A popular activation function is ReLU which is as easy as f(x) = max(0, x).

Loss function

After the inputs have been forward passed through the NN the output layer's neurons values are evaluated by a loss function.

The loss function compares the NN output with the expected results (also called labels) and the loss for each neuron is greater the greater the difference to the result is. Therefore the goal of the NN is to reduce loss which is done by tweaking weights and biases of the neurons and its connections.

Backpropagation

The loss is groundwork for determining how the weights need to be tweaked. Remember learning is all about changing the weights of the NN.

Differentiation is the Calculus that helps us getting to know how to tweak the weights with the goal to reduce loss.

Differential Calculus

Rate of change with respect to another change.

Multiplication Rule

Move factor outside the derivative.

f=(fg) -> fg'+f'g
f=3; g=x^3
f=(3x^3) -> 3*3x^2+x'(3)*x^3
f=(3x^3) -> 3*3*1^2+0*x^3
f=(3x^3) -> 9^2

Sum Rule

The derivative of a sum is the sum of derivatives.

f=(x+y) -> x'+y'

Power Rule

x^n = nx^(n-1)

Examples

The derivative of f with respect to x.

 f(x) = 2x      + 3y^2
f'(x) = 2*x'(x) + 3*x'(y^2)
      = 1*2*1^0 + 2*3*0^1
      = 2 + 0
      = 2

The derivative of f with respect to x.

f(x,y) = 3x^3      - y^2     + 5x      + 2
 f'(x) = 3*x'(x^3) - x'(y^2) + 5*x'(x) + 2
       = 3*3*x^2   - 2*0^1   + 5*1     + 0
       = 9^2       - 0       + 5       + 0
       = 9^2

The derivative of f with respect to y.

f(x,y) = 3x^3      - y^2     + 5x      + 2
 f'(y) = 3*y'(x^3) - y'(y^2) + 5*y'(x) + 0
       = 3*3x^2    - 2y      + 0       + 0
       = 3*3*0^2   - 2y      + 0       + 0
       = 0         - 2y      + 0       + 0
       = -2y

When deriving f(x,y) with respect to x then y is a constant and moved out of the derivative.
This leaves x'(x) meaning the derivative of x with respect to x which is 1.

f(x,y) = x*y

 f'(x) = y * x'(x)
       = y * 1
       = y

 f'(y) = x * y'(y)
       = x * 1
       = x

The derivative of f with respect to z and y afterwards.

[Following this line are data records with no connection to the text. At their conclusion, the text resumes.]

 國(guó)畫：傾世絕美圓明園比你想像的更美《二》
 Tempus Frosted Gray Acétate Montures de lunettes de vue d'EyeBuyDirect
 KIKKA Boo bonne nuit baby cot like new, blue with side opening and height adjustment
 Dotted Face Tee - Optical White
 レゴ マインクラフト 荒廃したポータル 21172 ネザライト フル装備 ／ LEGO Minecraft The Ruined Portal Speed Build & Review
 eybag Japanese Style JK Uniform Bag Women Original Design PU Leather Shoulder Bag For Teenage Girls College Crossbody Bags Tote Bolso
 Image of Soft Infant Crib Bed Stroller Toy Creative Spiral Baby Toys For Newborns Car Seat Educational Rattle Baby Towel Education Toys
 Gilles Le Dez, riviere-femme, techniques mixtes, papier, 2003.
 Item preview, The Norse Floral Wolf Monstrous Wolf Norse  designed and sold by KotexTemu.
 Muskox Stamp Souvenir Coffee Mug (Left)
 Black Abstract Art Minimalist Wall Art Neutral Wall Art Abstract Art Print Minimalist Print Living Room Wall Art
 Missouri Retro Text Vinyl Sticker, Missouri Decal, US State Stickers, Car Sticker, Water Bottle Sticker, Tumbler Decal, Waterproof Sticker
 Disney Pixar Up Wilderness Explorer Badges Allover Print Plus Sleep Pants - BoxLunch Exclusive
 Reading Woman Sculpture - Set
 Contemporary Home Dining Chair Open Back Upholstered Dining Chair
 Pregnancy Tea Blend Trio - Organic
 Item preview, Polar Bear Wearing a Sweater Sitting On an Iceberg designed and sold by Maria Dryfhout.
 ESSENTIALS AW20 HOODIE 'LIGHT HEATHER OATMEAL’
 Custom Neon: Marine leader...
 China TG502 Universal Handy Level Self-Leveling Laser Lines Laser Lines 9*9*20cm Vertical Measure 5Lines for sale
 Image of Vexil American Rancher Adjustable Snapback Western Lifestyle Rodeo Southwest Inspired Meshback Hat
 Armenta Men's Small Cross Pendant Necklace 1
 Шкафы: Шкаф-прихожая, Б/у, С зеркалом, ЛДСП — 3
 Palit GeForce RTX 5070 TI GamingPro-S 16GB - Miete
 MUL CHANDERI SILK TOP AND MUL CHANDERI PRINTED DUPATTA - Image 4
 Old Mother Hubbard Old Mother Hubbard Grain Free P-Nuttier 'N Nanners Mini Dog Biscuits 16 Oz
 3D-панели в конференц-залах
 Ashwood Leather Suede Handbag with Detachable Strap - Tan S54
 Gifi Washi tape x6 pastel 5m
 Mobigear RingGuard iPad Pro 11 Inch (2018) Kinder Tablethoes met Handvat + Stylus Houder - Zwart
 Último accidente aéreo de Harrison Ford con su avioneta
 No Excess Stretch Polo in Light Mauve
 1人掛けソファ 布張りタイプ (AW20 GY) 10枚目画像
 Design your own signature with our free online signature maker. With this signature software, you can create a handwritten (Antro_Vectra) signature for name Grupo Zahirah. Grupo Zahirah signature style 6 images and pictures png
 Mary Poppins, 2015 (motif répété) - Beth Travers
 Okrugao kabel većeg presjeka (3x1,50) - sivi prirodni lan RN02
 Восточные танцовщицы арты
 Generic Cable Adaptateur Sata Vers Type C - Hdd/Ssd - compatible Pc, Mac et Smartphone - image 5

f(x,y,z) = 3x^3z        - y^2     + 5z      + 2yz

   f'(z) = 3x^3 * z'(z) - 0       + 5*z'(z) + 2y * z'(z)
         = 3x^3 * 1     - 0       + 5*1     + 2y * 1
         = 3x^3                   + 5*1     + 2y

   f'(y) = 0            - y'(y^2) + 0       + 2z*y'(y)
         =              - 2y                + 2z

   f'(x) = 3z*x'(x^3)   - x'(y^2) + 5*x'(z) + 0
         = 3z*3x^2      - 0       + 5*0     + 0
         = 3z*3x^2
         = 3z*3x^2
         = 9zx^2

When deriving with respect to z, then x and y are constants and moved out of the derivative. Also, the constant rule states that they derive to 0.
When deriving with respect to y then 3x^3z derives to 3*y'(x^3z) = 0 as z and x are constants and are independent of y.
When deriving with respect to x then z is kept because it affects x. Therefore f'(x) = 3x^3z = 3z*x'(x^3) = 3z*3x^2.

Chain Rule:

f(g(x)) = f'(g(x)) * g'(x)

3*x'((2x^2))^5 * 2*x'(x^2)
3*5*(2x^2)^4   * 2*2*x
15*(2x^2)^4 * 4x

distribute the exponent of 4:

15*(2^(1*4)*x^(2*4)) * 4x
15*2^4*x^8           * 4x

combine the xes:

15*2^4*4*x^9

combine the constants:

15*2^4*4*x^9
960*x^9

Chaining goes on forever:

`f(h(y,g(x))) = f'(g(x)) * h'(y, g(x)) * g'(x)`

Gradient

A partial derivative is one derivative of a multivariate function. That is a function taking multiple parameters. The vector of all the partial derivatives of a function is called the gradient.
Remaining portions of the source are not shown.